Provided data section start

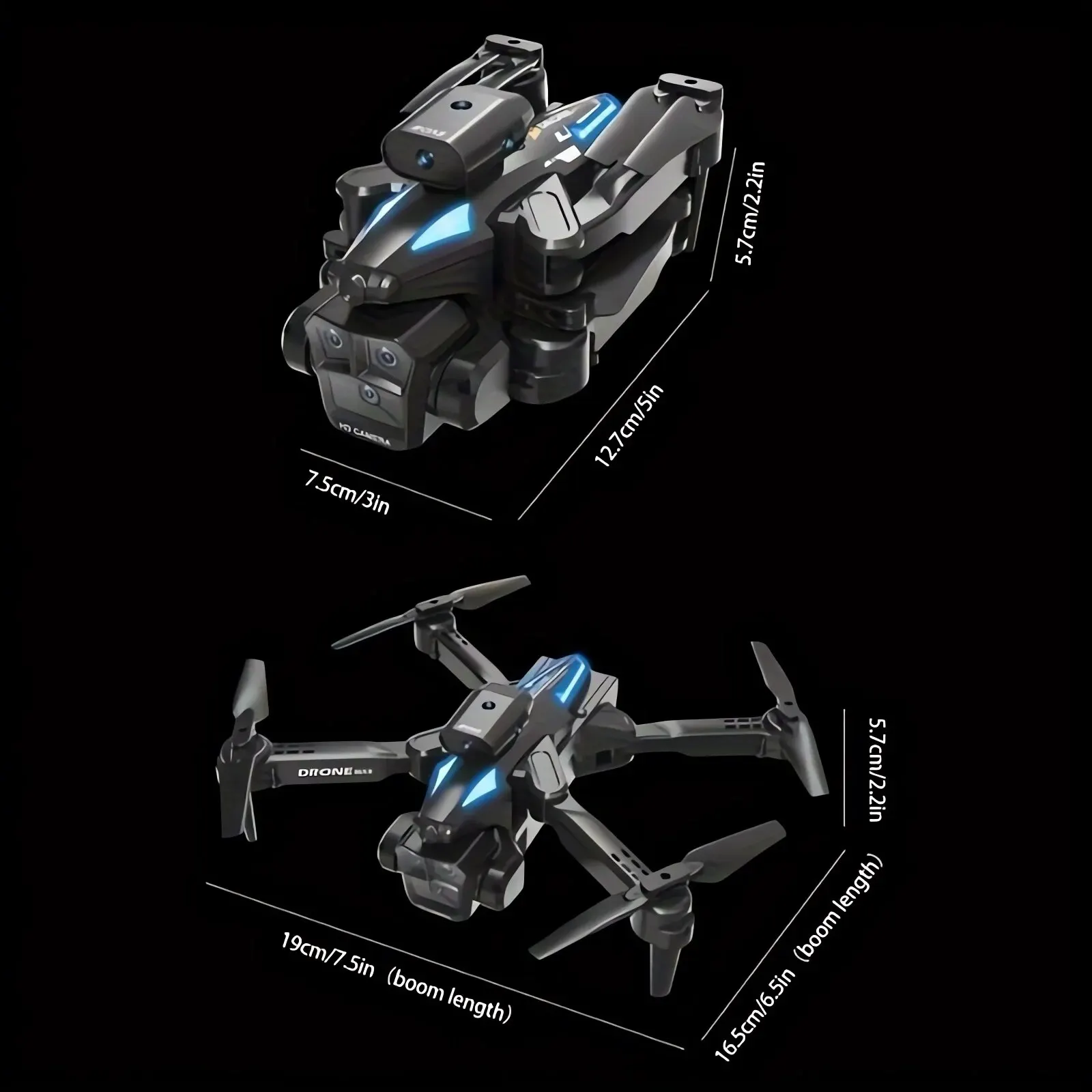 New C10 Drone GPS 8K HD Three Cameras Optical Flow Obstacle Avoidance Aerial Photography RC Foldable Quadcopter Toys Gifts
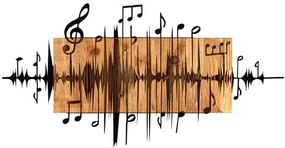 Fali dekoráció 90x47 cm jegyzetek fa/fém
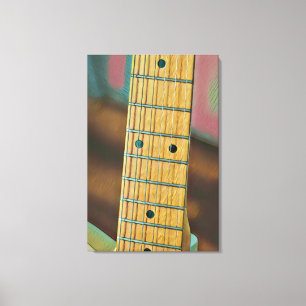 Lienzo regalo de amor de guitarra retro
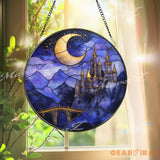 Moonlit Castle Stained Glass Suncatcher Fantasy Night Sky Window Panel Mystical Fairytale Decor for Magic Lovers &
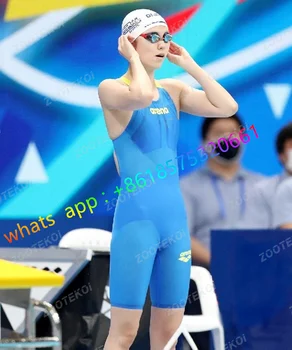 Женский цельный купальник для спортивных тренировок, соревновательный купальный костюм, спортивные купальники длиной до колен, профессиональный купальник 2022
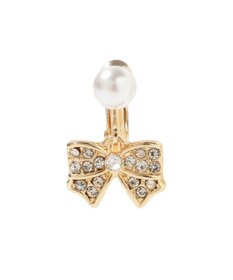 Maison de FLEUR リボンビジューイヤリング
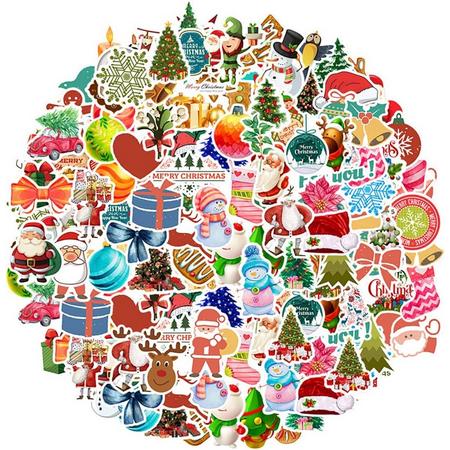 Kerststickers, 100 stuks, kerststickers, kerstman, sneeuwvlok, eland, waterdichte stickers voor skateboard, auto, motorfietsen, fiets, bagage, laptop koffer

Provided data section end

**Brief**: Pictures do not belong in the answer. Return the lines above starting at the one with "Fali dekoráció 90x47 cm jegyzetek fa/fém" and ending at the one with "Maison de FLEUR リボンビジューイヤリング", both kept, exactly.

**Solved exercise**:
 Fali dekoráció 90x47 cm jegyzetek fa/fém
 Lienzo regalo de amor de guitarra retro
 Moonlit Castle Stained Glass Suncatcher Fantasy Night Sky Window Panel Mystical Fairytale Decor for Magic Lovers &
 Женский цельный купальник для спортивных тренировок, соревновательный купальный костюм, спортивные купальники длиной до колен, профессиональный купальник 2022
 Maison de FLEUR リボンビジューイヤリング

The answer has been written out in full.